Accompagnant une réflexion sur la critique littéraire, cette 3e édition des LUNDIS DE PIERRE D'AILLY a pour but d'aider les étudiants de Lettres à se repérer dans le vaste champ des études littéraires. Après avoir réfléchi aux apports de la critique thématique, puis philologique, ils seront conviés à considérer l'intérêt du questionnement anthropologique dans la lecture des oeuvres : en prenant acte que l'anthropologie (« étude l'homme dans son ensemble », selon la définition du Trésor de la langue française) se tourne vers la littérature pour y déceler « les ressorts intimes et sensibles» (Claude Lévi-Strauss, L'Homme nu. Mythologiques IV, Plon, 1971, p. 571) du fonctionnement d'une société (Jean Jamin, Littérature et anthropologie, CNRS éditions, 2018, p. 16), ils chercheront à comprendre comment, à son tour, la littérature peut bénéficier, pour son interprétation, des observations et des concepts de cette science humaine. Ils partageront ce postulat tiré de l'expérience des grands écrivains, énoncé par Jean Jamin, dans son livre cité plus haut : «Tout auteur de fiction n'est-il pas habité par l'intime conviction, écrivait Virginia Woolf (Essais choisis, Gallimard, Folio, 2015, p. 102), que ce qu'il produit n'est ni un jouet ni une démonstration scientifique, mais un moyen de créer des visions fortes et violentes de la vie humaine ? » (Ibidem).
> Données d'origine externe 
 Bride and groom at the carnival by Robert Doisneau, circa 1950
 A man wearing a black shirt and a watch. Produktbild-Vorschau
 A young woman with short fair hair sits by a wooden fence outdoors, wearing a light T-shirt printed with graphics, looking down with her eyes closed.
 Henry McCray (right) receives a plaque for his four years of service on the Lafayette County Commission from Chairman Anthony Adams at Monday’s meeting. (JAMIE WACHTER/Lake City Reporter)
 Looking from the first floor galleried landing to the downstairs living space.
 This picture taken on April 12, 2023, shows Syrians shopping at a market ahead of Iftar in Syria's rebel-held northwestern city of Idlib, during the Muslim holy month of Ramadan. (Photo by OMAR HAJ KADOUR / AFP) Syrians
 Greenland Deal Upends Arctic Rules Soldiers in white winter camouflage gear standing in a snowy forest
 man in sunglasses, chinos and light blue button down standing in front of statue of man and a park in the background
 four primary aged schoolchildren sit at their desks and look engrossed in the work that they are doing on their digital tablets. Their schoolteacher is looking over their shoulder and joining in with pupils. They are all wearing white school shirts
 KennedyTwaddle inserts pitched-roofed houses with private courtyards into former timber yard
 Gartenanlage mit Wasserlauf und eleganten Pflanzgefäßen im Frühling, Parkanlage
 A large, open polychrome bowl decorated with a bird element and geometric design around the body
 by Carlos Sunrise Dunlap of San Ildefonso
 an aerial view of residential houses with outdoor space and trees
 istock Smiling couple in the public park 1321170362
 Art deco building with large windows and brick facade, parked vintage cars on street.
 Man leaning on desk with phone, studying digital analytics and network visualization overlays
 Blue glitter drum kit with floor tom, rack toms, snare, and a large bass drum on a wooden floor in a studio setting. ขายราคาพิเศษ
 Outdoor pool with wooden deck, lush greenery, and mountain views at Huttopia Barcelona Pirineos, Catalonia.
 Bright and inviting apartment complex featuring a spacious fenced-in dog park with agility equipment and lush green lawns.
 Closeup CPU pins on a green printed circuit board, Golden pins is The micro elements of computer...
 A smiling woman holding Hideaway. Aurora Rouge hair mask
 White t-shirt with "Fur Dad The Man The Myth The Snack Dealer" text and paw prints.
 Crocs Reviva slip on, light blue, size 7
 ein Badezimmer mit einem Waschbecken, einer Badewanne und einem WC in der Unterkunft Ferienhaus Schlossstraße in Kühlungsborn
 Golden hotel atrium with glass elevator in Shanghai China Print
Pour mettre en oeuvre , modestement, ce programme ambitieux, nous avons choisi l'anthropologie mimétique de René Girard, premièrement formulée dans Mensonge romantique et vérité romanesque, paru en 1961. Ainsi que l'écrit Benoît Chantre sur le site de l'ARM, « le premier livre de René Girard, Mensonge romantique et vérité romanesque, publié en 1961, met au jour les ressorts du « désir triangulaire », à travers une approche de grandes œuvres romanesques (de Cervantès à Proust). Ses intuitions sur le « désir mimétique » lui permettent d’élaborer une anthropologie comparée des grandes formes du religieux archaïque : la question du mécanisme victimaire fait ainsi l'objet de son second livre, La Violence et le sacré, publié en 1972. » Dans Les Derniers jours de René Girard (Grasset, 2016, p. 80), Benoît Chantre rappelle que notre anthropologue «plaça l'imitation, la mimèsis, à l'origine de toutes les fondations.» Nous demanderons donc à notre invité de nous expliquer comment la notion de désir mimétique permet à René Girard de mieux comprendre les ressorts du romanesque, à partir d'une analyse fine des oeuvres de Cervantès, Stendhal, Flaubert, Dostoïevski et Proust. Si de la mimèsis René Girard tire une théorie complète de la culture humaine, il s'agit d'abord d'en étudier la découverte dans le roman, approché par une interrogation aussi bien technique (cf. le chapitre X) que métaphysique. Cette théorie sera appréhendée pour ce qu'elle est et ce qu'elle permet, ni clé de lecture absolue, encore moins mantra, mais mieux encore : une intuition et une réflexion géniales qui ne peuvent que stimuler notre intelligence des textes littéraires.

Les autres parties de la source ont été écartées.